A review of Massimo De Angelis, Omnia Sunt Communia: On the Commons and the Transformation to Postcapitalism (Zed, 2017), £16.99
Omnia Sunt Communia forms part of a series envisioning a non-dystopian end to capitalism. Recent years have seen a number of books sketching out a post-capitalist future, some of which have been reviewed in this journal. What is particularly refreshing about Massimo De Angelis’s work though is his attempt to sketch out an unapologetically anti-capitalist view of post-capitalism. As he states in the intro: “My underlying conception of revolution is aligned to that of Marx which sees social revolution—that is, the growth of alternative modes of production—as the material conditions for any political change”.1 He steers clear of the kind of technological determinism, the idea of a conflict-free transition enabled through technology, seen in Paul Mason’s recent work on post-capitalism.2 So you will find many references to Capital but only one reference to the Grundrisse, and that it is not the much-cited “Fragment on Machines” that Mason appeals to.
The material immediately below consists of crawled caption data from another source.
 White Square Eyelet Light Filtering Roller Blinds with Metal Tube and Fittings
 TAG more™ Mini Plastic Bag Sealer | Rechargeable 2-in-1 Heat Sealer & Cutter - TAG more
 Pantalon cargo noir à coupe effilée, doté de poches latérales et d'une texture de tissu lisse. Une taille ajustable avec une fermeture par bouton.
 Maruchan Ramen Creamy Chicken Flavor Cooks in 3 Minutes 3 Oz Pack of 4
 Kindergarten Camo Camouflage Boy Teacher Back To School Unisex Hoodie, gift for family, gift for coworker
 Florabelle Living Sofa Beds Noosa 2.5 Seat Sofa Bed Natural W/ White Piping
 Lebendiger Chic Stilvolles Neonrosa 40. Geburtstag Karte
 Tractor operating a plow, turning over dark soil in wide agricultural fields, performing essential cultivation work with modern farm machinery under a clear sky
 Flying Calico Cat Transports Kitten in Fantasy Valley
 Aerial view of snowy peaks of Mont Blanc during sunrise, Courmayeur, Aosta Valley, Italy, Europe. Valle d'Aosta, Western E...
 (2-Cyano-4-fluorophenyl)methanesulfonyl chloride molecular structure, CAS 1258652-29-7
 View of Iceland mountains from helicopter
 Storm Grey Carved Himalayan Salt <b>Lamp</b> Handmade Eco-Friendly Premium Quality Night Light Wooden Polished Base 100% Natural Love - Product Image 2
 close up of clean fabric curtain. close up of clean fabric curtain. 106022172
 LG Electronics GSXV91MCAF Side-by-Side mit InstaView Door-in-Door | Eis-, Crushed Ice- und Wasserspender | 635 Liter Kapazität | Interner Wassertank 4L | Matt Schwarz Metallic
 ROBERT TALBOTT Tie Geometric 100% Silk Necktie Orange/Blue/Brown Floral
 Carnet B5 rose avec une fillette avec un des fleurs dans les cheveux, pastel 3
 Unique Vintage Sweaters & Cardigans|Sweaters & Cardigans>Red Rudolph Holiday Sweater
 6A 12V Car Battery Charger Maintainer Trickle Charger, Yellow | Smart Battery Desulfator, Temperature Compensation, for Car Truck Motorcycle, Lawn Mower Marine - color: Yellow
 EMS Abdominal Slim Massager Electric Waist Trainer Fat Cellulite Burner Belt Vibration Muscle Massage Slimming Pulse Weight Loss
Instead De Angelis bases his alternative on a study of the commons, which he defines very broadly (arguably excessively so). The commons is essentially a form of common ownership in which both producers and consumers cooperate in some way to produce a social good (or use value) in a reproducible and sustainable way. For De Angelis the commonwealth (the society in which capitalism is replaced by the commons) allows for a radically different relationship between humanity and nature to that permitted by capital (where nature is subsumed into the means of production as a resource to be exploited). This attempt to sketch out a materialist alternative to capitalism, without falling into utopianism or techno-determinism, is both a worthy exercise and difficult to realise. It deserves a serious appraisal.
The words “commons”, “community” and “communism” share the same Latin roots. De Angelis perhaps hints at this with the title of his book, but he does not care to remind us that the commons has long been a subject of study for Marxists who have understood the commons as a form of ownership (or right) that originated in pre-class societies, but remnants of which extended into feudalism and early capitalism. Rights to the commons included the right to harvest natural resources. Karl Marx and Friedrich Engels wrote extensively on this. In fact, Marx’s first article tackling economic issues was on attacks by land owners on the right of Rhineland peasants to harvest wood from the forest. Engels also used the term “primitive communism” to describe stateless, pre-class societies in which material resources (such as tools, fish, rivers, forests, cattle, grazing land and so on) were held in common by a particular community, so that all members of that community could access those resources.3
The commons should be familiar to us in another sense. The demand to decommoditise the essentials of life—including housing, education, healthcare, and childcare—in order to run these collectively and provide them as a social good, rather than for private profit, has been raised by socialists of all stripes throughout the centuries. Viewed this way, a discussion of the commons intersects with a lot of socialist thinking. Demands around the commons were partially realised with the creation of the welfare state, but De Angelis, again, overlooks this connection to socialism.
De Angelis reminds us that the commons is, or was, a common point of reference for the alter-globalist movement of the 1990s. It is again achieving contemporary relevance as a strategy to oppose neoliberalism and austerity. And he notes that defence of the commons has become a key plank of the political programme of Barcelona en Comú (Barcelona in Common), the party of the city’s mayor Ada Colau.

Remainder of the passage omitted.